**Exercise inputs:**
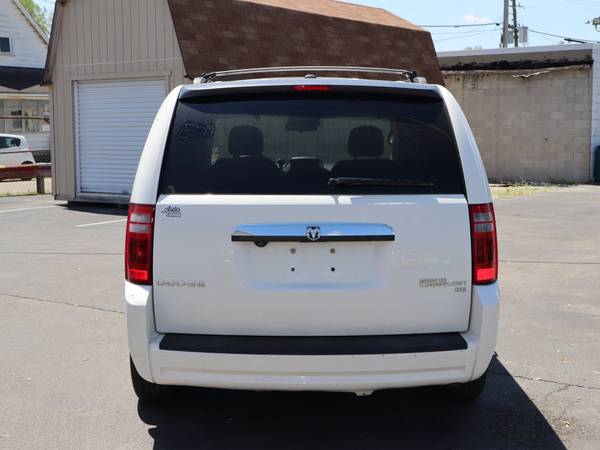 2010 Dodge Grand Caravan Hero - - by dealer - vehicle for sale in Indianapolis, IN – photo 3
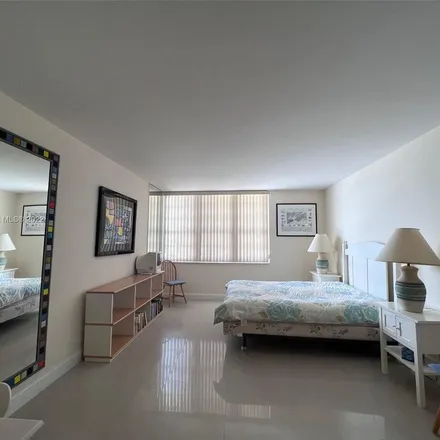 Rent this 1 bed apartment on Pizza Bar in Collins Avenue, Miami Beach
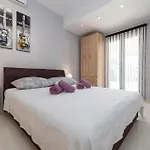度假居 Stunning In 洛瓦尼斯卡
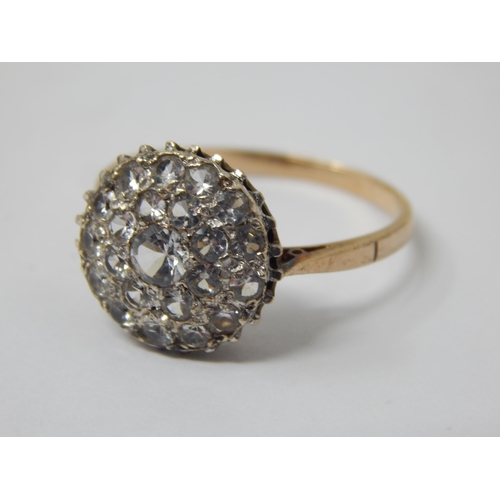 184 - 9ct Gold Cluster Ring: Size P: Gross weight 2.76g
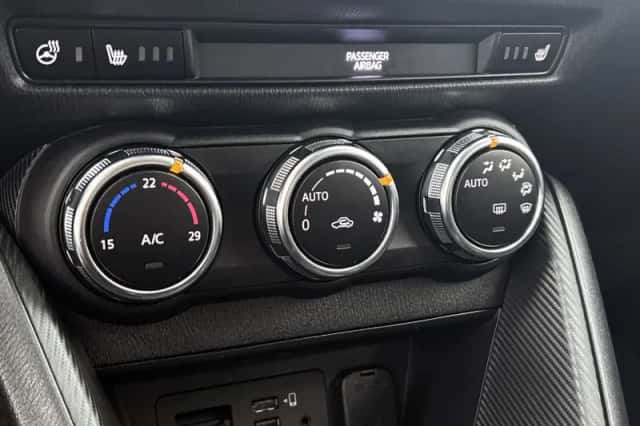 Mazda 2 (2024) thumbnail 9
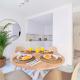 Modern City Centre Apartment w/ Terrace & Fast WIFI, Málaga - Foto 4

**Aim of the exercise:**
Please give again only the lines from the one containing "度假居 Stunning In 洛瓦尼斯卡" through the last line of the entries above, exactly as they stand and without pictures.

**Exercise output:**
度假居 Stunning In 洛瓦尼斯卡
 184 - 9ct Gold Cluster Ring: Size P: Gross weight 2.76g
 Mazda 2 (2024) thumbnail 9
 Modern City Centre Apartment w/ Terrace & Fast WIFI, Málaga - Foto 4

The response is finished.